For those of you unfamiliar with the Alpha Epsilon Pi fraternity, it is the premier Jewish fraternity and the only fraternity that has maintained its Jewish character from its inception in 1913 to today.
I never considered myself a “frat” guy, especially since I did not attend college until after nearly six years of enlisted service. However, when my (now) wife met with an AEPi representative at a General Assembly they thought Virginia Tech might be a good candidate for a new chapter and that I might be a good pick to lead this first group of young Jewish men. It turns out she was right. We established a strong Jewish presence on campus and since my departure from Virginia Tech, the chapter has grown to over 50 Jewish students and occupies one of the premier houses on campus. However, it wasn’t my status as a founding father that brought me to Arizona to speak to my fellow brothers.
It was because I’m a Marine.
AEPi International decided that this year they were going to honor brothers who have served or currently serve in the armed forces. The evening’s ceremony was opened by a color guard from the Phoenix chapter of the Jewish War Veterans and was focused on numerous military guest speakers.

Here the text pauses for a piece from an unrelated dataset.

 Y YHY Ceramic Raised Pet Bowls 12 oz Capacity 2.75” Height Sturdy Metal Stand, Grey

AEPi’s renewed commitment to veterans goes far beyond a weekend in Arizona. The organization has pledged to make this the “Year of The Veteran” and plans on not only recognizing brothers who have served, but also resurrecting programs to support those in uniform that haven’t been in place since WWII. In addition to my own participation in these programs, JIG has pledged to partner with AEPi to assist them in these efforts.

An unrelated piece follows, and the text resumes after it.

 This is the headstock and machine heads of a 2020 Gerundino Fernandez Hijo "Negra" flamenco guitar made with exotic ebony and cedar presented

It’s no surprise to any of our readers here, but the public at large are often are unaware that Jews have a long and proud tradition of serving our country. So it should only make sense that an organization that attracts and develops Jewish leaders would also have a tradition of military service.
In 1940, the fraternity had an Armed Services Committee to keep in touch with brothers wearing their country’s uniform. This committee also sent men in service gifts in the name of our fraternity, including AEPi stamped wallets and portable checker sets. AEPi even had a fundraising Serviceman’s fund to finance the fraternity’s efforts.

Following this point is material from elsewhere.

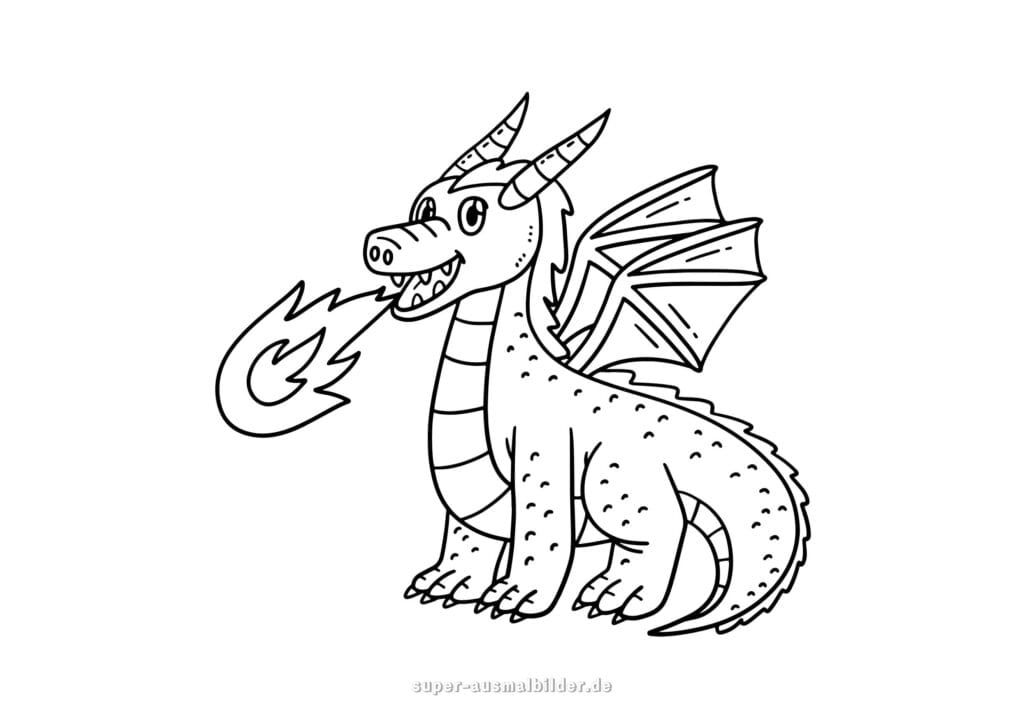 Drachen Ausmalbild – Freundlicher Drache spuckt Feuer, kostenlose Malvorlage Drachen zum Ausmalen und Ausdrucken für Kinder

On January 28, 1942, AEPi lost its first brother in combat – Lt. Arthur Amron, who lost his life serving with General MacArthur in the Philippines. By late 1942, more than 400 brothers – 1/6th of AEPi’s entire membership – were in the armed forces. By 1943, that number swelled to as many as 600 brothers, rapidly approaching half of AEPi’s entire membership. By the time the war was winding down, more than 2,000 members of AEPi were still in the armed services, and 67 brothers had made the supreme sacrifice.
This is but one tiny glimpse at the decades of Jewish service provided by the brothers of AEPi. Over the coming year, we will feature more stories about this unique connection between the fraternity and Jewish service in the military.
If you were to ask me to make a list of things that define me as a person, right behind “father” and “husband” would be “Jew” and “Marine”. This weekend I was able to wear those traits with great pride and share that pride with many of the young men who will be the future of Jewish leadership both in and out of the military. I am eternally grateful to the brothers of AEPi, especially our newly appointed Supreme Master Elan Carr (a Jewish war veteran himself), for allowing me that opportunity. I look forward to what will be an exciting partnership with JIG and AEPi over the next year and beyond.